E’ da un anno e mezzo che negli Stati Uniti i dipendenti dei fast food manifestano per avere salari dignitosi. Ora, la protesta si allarga a livello internazionale: il 15 maggio ci sarà uno sciopero dei lavoratori delle catene più importanti, McDonald’s, Burger King, Wendy’s e Kfc, in più di trenta Paesi. E in questi paesi c’è anche l’Italia.

Riuniti per la prima volta in un unico sindacato internazionale, l’International Union of Food, Agricultural, Hotel, Restaurant, Catering, Tobacco and Allied Workers’ Associations (Uita), i dipendenti dei fast food si sono accordati per lanciare il loro movimento con una giornata di protesta in 150 città americane e in altri 33 Paesi, tra cui Giappone, Brasile, Marocco e Italia, appunto. Sono passati due anni da quando circa 200 lavoratori cominciarono a manifestare a New York alla fine del 2012, chiedendo salari più alti e condizioni di lavoro migliori. La protesta, poi, che non si è mai fermata, ha interessato via via più di cento città statunitensi.

“I lavoratori di decine di Paesi in tutti i continenti hanno annunciato l’ingresso nel movimento per salari più alti e migliori condizioni di lavoro nei ristoranti”, hanno reso noto gli organizzatori del movimento in un comunicato. Un gruppo di 70 manifestanti di diversi Paesi si è riunito davanti a un ristorante di McDonald’s, ieri a Manhattan, in occasione dell’annuncio. Negli Stati Uniti, i lavoratori dei fast food chiedono un salario di 15 dollari all’ora, ovvero più del doppio dell’attuale stipendio minimo federale, fissato a 7,25 dollari all’ora, applicato dalla maggior parte delle catene.

“Affrontiamo tutti le stesse sfide, gli stessi problemi, le stesse lotte. Continueremo a protestare finché non raggiungeremo il nostro obiettivo” ha dichiarato Massimo Fratini, coordinatore dell’Uita, che raggruppa 396 sindacati di 126 Paesi, per un totale di 12 milioni di impiegati.

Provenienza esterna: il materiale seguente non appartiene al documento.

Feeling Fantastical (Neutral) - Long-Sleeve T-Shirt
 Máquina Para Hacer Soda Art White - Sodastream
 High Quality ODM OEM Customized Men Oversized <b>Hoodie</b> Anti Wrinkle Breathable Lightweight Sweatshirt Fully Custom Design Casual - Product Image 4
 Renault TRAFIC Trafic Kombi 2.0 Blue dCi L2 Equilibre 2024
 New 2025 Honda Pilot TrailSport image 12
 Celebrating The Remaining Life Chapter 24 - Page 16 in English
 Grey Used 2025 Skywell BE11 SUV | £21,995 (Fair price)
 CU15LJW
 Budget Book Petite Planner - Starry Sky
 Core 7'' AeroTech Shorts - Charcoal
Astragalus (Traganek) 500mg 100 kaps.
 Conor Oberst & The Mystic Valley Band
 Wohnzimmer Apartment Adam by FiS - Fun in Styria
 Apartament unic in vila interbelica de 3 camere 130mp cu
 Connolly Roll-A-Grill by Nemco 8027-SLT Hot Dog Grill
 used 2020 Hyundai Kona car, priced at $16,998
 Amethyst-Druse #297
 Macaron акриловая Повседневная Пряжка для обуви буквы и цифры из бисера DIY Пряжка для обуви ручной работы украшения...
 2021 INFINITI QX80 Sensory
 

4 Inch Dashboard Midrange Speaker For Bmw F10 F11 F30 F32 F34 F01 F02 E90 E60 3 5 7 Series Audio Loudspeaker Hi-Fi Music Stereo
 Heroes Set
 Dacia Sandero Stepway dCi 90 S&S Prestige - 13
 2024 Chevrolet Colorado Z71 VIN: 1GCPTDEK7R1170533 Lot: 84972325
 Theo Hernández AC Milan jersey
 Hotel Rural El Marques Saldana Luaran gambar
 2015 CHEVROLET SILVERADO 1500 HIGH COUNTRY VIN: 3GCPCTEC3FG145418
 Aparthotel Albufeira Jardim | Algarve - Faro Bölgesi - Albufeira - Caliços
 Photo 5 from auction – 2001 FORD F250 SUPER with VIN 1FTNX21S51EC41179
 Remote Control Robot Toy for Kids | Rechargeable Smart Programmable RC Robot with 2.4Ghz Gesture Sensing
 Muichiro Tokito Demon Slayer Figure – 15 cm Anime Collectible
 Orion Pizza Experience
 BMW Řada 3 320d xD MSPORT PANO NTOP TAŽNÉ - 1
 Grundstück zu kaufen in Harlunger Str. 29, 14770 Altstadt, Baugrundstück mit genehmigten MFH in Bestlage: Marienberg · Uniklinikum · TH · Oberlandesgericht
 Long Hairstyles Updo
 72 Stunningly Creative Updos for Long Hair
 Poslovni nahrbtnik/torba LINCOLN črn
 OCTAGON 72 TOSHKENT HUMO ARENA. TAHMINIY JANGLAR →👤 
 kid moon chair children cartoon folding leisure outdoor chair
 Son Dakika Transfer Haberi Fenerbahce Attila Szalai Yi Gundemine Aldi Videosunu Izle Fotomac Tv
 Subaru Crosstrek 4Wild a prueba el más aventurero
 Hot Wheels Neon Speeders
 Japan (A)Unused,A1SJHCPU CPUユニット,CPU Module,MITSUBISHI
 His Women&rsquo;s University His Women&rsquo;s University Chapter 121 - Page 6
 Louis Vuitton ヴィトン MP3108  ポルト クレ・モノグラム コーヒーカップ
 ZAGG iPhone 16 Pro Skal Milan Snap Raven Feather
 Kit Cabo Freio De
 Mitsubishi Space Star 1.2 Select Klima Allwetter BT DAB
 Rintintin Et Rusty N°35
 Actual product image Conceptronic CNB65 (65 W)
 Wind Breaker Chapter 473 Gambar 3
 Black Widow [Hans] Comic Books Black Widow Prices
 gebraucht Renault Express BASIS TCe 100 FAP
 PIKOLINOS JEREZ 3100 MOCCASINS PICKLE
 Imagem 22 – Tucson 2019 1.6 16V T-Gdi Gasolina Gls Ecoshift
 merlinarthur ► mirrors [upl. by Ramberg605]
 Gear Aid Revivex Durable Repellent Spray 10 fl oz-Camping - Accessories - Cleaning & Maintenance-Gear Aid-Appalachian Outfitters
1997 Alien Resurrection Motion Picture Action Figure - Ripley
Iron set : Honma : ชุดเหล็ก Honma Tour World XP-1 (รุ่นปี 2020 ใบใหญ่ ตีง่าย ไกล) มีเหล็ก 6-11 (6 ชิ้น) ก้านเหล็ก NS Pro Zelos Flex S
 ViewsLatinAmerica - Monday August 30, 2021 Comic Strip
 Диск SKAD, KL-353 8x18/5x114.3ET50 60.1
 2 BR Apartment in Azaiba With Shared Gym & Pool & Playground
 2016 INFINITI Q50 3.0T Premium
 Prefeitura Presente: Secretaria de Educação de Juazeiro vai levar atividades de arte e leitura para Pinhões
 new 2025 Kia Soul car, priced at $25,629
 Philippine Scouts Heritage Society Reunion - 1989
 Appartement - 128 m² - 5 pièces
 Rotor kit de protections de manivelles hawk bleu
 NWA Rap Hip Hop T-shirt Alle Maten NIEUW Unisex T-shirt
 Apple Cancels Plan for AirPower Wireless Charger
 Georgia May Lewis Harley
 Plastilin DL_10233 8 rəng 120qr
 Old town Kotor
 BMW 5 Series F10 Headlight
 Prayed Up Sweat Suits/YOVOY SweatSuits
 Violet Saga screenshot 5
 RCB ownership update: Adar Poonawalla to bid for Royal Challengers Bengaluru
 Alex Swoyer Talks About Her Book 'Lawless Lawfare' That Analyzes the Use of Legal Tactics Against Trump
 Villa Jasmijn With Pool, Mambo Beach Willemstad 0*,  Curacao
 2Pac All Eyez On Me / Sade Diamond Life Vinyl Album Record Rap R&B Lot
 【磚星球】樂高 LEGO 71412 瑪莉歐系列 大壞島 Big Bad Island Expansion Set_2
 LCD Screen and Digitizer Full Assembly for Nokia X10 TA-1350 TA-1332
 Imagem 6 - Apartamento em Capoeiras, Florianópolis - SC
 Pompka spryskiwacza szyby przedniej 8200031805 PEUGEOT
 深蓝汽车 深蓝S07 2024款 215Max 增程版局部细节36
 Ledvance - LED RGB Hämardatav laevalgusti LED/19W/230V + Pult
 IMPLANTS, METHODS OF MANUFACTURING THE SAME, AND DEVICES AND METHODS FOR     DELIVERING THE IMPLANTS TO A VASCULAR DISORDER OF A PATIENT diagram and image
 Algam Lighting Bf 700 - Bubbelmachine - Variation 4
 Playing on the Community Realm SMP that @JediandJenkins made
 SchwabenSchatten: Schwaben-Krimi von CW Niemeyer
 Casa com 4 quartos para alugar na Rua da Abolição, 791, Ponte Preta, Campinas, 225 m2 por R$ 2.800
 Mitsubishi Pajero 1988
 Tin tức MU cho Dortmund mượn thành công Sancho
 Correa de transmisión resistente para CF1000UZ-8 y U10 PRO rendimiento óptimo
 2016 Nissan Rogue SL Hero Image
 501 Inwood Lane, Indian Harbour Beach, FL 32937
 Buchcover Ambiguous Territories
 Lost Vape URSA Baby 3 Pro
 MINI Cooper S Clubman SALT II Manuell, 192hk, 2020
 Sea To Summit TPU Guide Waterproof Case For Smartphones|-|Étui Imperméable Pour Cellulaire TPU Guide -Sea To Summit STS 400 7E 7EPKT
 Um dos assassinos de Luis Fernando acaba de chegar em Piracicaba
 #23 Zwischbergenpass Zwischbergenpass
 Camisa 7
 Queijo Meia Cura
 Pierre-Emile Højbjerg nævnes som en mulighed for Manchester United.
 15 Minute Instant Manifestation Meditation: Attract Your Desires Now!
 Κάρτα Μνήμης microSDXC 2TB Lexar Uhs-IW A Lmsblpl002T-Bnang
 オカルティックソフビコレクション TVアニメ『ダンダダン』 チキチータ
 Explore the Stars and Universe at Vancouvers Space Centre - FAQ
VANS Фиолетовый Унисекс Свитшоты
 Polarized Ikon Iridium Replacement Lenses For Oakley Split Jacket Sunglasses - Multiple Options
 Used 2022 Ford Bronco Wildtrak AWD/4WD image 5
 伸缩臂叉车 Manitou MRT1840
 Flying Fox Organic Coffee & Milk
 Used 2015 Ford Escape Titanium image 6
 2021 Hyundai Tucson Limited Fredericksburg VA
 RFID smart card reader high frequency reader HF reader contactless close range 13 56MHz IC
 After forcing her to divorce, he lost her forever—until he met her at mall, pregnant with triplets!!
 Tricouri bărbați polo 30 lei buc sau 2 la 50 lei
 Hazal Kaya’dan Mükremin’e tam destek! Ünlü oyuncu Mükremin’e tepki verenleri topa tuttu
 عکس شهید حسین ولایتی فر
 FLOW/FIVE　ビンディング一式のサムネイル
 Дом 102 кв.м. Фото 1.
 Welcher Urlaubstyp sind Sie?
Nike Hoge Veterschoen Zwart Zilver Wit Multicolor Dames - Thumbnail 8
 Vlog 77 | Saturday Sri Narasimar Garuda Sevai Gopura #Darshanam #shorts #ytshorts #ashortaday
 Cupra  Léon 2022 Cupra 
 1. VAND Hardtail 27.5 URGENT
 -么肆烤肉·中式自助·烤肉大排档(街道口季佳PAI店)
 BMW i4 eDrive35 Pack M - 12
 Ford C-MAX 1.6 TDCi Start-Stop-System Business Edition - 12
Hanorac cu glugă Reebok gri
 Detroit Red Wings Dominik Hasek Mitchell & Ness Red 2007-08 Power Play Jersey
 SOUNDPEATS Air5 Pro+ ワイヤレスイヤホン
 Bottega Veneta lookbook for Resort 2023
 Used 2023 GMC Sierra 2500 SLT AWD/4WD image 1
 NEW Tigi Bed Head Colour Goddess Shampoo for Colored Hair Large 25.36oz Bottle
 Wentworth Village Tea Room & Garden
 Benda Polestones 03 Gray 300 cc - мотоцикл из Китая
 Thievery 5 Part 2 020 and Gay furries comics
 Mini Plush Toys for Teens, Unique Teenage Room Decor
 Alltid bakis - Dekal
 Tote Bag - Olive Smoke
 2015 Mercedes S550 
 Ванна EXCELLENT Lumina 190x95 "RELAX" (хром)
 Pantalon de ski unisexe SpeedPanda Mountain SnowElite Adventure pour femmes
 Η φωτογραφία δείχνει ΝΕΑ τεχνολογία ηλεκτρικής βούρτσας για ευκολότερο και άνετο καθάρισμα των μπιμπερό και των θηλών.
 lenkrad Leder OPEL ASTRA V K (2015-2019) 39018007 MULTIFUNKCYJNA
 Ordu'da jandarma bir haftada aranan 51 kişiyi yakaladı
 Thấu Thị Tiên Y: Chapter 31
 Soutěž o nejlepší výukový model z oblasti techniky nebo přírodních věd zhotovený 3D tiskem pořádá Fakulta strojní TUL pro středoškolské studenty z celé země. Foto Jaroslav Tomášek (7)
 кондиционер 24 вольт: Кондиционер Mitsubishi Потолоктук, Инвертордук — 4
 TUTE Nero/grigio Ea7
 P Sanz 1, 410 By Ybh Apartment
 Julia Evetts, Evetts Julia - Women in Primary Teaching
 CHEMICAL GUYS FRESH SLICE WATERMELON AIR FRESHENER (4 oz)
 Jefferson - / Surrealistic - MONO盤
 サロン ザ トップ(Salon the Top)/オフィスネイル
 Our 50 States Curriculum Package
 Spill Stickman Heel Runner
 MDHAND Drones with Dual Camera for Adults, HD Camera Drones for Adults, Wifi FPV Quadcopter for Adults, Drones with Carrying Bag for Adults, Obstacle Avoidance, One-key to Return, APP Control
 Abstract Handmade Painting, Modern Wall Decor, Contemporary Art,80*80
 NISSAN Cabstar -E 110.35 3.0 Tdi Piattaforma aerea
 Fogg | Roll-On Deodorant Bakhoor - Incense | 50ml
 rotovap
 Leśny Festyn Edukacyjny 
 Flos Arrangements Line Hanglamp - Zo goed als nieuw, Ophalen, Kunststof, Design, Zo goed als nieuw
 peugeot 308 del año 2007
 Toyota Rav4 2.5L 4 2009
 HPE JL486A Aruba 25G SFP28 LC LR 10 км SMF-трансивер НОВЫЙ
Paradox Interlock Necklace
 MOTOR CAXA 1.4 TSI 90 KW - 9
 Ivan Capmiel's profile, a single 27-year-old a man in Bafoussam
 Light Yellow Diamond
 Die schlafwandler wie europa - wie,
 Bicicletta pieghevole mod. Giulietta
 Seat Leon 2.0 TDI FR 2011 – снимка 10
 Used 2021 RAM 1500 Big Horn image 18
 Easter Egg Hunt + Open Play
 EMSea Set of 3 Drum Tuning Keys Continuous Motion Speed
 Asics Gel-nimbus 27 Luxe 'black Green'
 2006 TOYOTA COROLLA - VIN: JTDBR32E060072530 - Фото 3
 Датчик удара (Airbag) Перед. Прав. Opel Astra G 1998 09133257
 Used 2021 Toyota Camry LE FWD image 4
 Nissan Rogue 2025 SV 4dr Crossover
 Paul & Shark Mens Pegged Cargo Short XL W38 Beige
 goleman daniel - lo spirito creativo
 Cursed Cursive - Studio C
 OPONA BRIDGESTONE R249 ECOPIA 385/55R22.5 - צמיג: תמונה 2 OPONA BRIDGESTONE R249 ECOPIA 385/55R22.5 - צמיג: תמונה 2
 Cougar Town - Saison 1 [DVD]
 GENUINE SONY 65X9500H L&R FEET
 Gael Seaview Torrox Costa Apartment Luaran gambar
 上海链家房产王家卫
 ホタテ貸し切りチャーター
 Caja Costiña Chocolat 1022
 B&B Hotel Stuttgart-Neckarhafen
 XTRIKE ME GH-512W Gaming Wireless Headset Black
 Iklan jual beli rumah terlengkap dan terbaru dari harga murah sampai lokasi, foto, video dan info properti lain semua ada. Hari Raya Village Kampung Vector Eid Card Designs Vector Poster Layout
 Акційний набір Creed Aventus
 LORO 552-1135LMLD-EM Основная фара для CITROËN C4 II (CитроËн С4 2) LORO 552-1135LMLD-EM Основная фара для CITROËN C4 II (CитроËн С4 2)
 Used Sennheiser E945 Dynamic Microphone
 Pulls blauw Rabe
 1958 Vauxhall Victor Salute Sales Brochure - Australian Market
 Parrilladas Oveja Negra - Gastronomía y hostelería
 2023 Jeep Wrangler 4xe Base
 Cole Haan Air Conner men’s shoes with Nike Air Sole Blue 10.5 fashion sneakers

Molti lavoratori si lamentano di avere lo stesso stipendio di quando cominciarono a lavorare, come Tabitha Verges, una ‘minimum-wage worker’ di un Burger King a Harlem, intervistata dal New York Times in occasione dello sciopero dell’aprile 2013: “Prendo 7,25 dollari all’ora e non ho mai ottenuto un aumento in quattro anni” raccontò. Ogni volta che lo ha chiesto, “hanno sempre trovato la stessa scusa: non fanno abbastanza soldi”.

La coalizione dei lavoratori che ha organizzato le proteste negli Stati Uniti, Fast Food Forward, sottolinea che un impiegato che prende 9 dollari all’ora – ma molti, come Verges, prendono i 7,25 dollari previsti ora dallo stipendio minimo nello Stato di New York, che sarà aumentato a 9 dollari dal 2016 – arriverà alla fine dell’anno con un reddito di circa 18.000 dollari per un lavoro a tempo pieno. Una situazione inaccettabile anche per Obama, che ha più volte chiesto al Congresso, anche nei suoi discorsi settimanali alla nazione, di aumentare il salario minimo federale. “Una cosa su cui dovremmo essere tutti d’accordo” ha detto Obama, “è che nessuna persona che lavora a tempo pieno dovrebbero vivere in povertà”.